**Short text fragments from websites**
*** Block opens ***

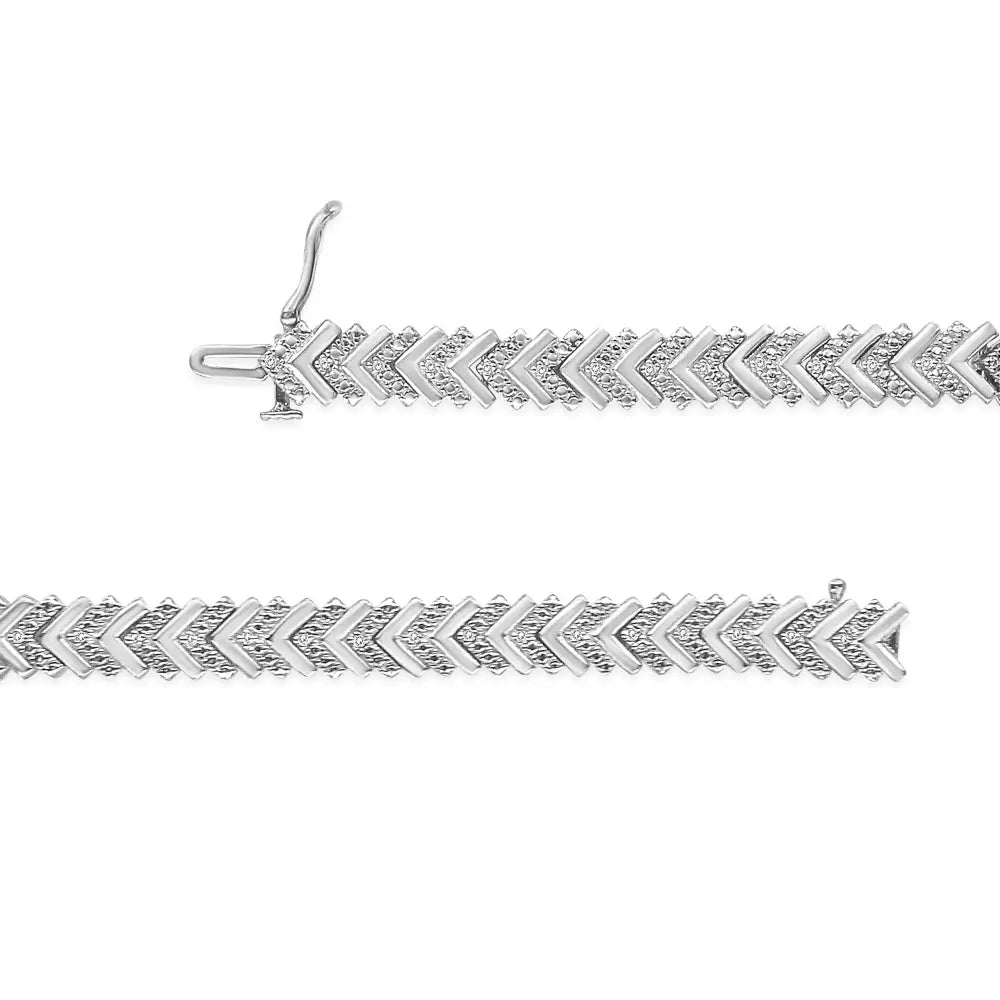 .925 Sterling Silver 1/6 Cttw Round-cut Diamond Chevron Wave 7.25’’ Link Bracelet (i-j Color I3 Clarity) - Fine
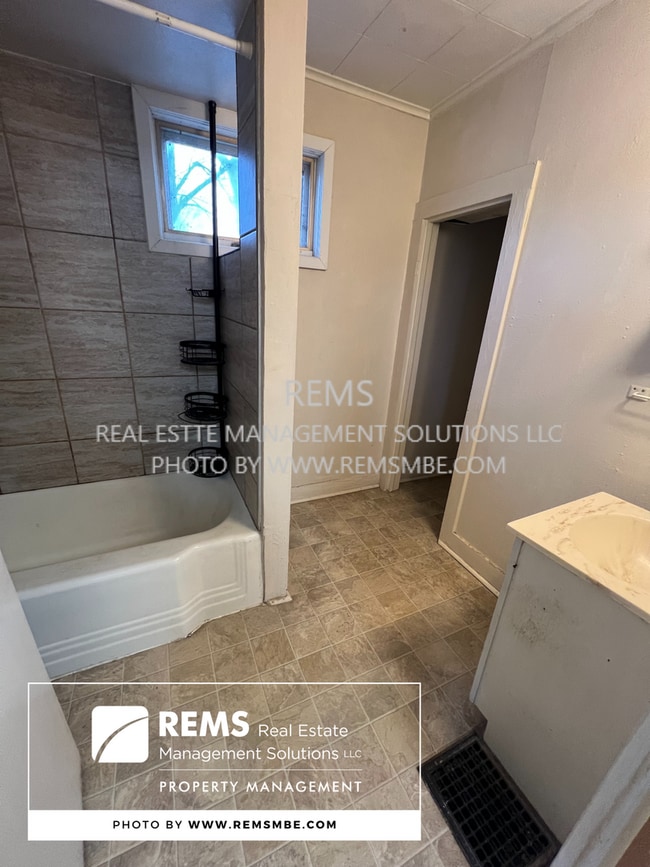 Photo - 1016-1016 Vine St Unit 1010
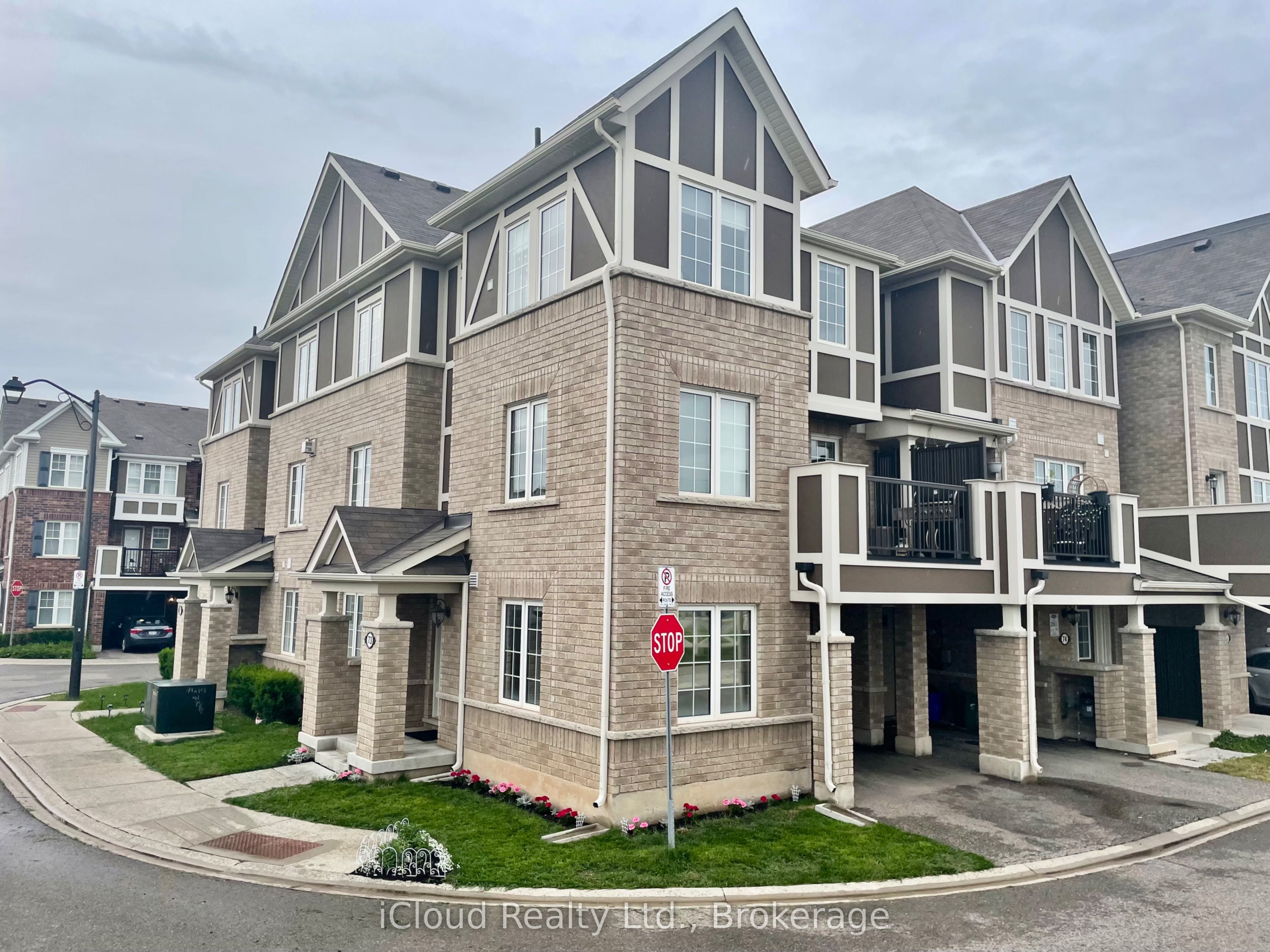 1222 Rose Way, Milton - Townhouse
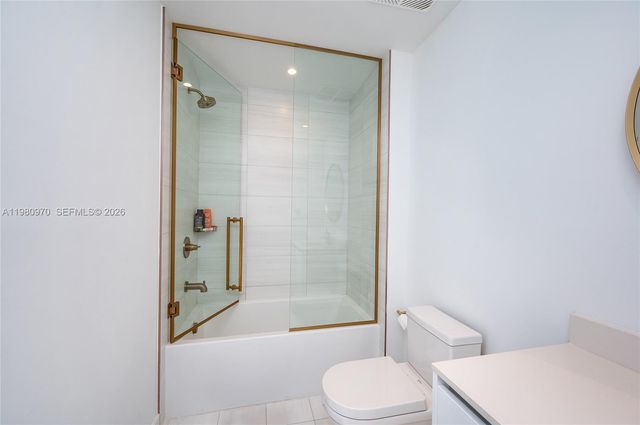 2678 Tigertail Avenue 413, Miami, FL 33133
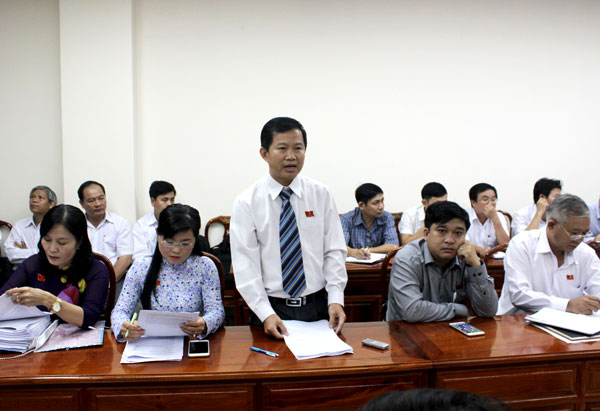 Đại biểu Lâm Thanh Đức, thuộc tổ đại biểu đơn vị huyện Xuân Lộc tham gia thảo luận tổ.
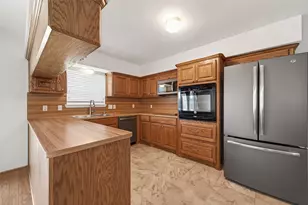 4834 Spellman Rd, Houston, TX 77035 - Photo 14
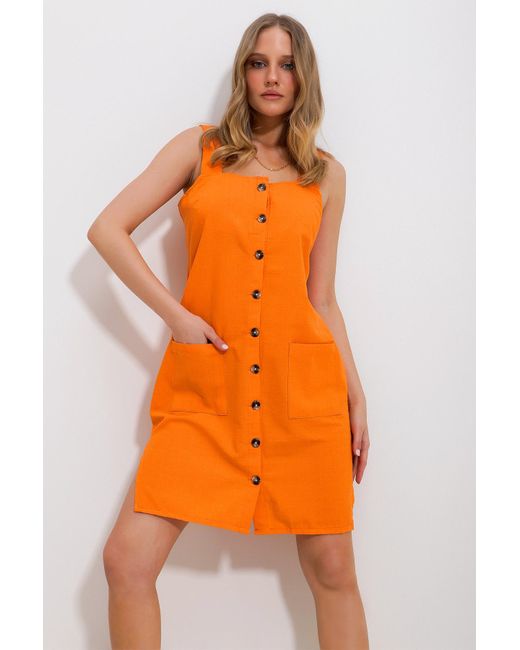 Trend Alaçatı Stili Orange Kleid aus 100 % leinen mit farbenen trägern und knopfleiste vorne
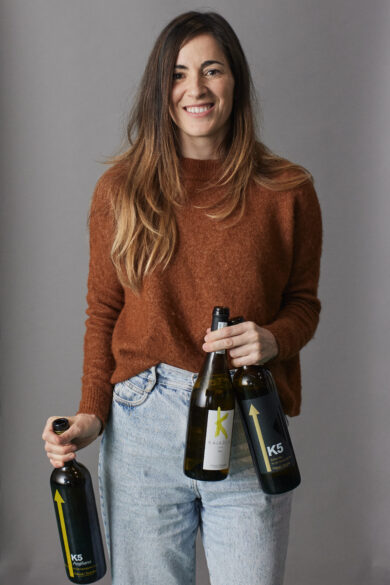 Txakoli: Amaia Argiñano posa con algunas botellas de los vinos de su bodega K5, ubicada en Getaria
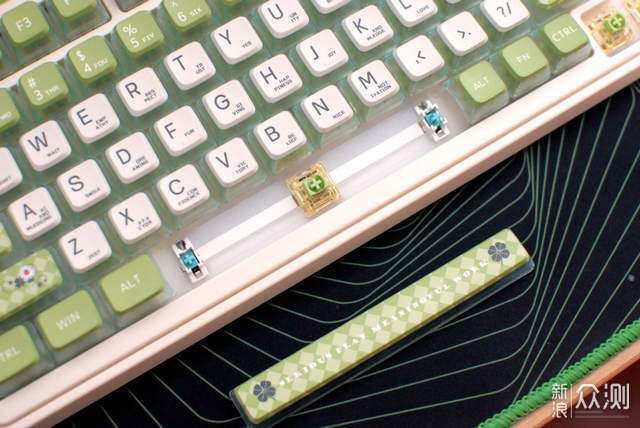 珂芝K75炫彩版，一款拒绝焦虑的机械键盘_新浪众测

*** Block closes ***

**To do**
What is needed is an exact copy of only the lines from the line containing "2678 Tigertail Avenue 413, Miami, FL 33133" through the last line of the entries, inclusive, without the pictures.

**Output**
 2678 Tigertail Avenue 413, Miami, FL 33133
 Đại biểu Lâm Thanh Đức, thuộc tổ đại biểu đơn vị huyện Xuân Lộc tham gia thảo luận tổ.
 4834 Spellman Rd, Houston, TX 77035 - Photo 14
 Trend Alaçatı Stili Orange Kleid aus 100 % leinen mit farbenen trägern und knopfleiste vorne
 Txakoli: Amaia Argiñano posa con algunas botellas de los vinos de su bodega K5, ubicada en Getaria
 珂芝K75炫彩版，一款拒绝焦虑的机械键盘_新浪众测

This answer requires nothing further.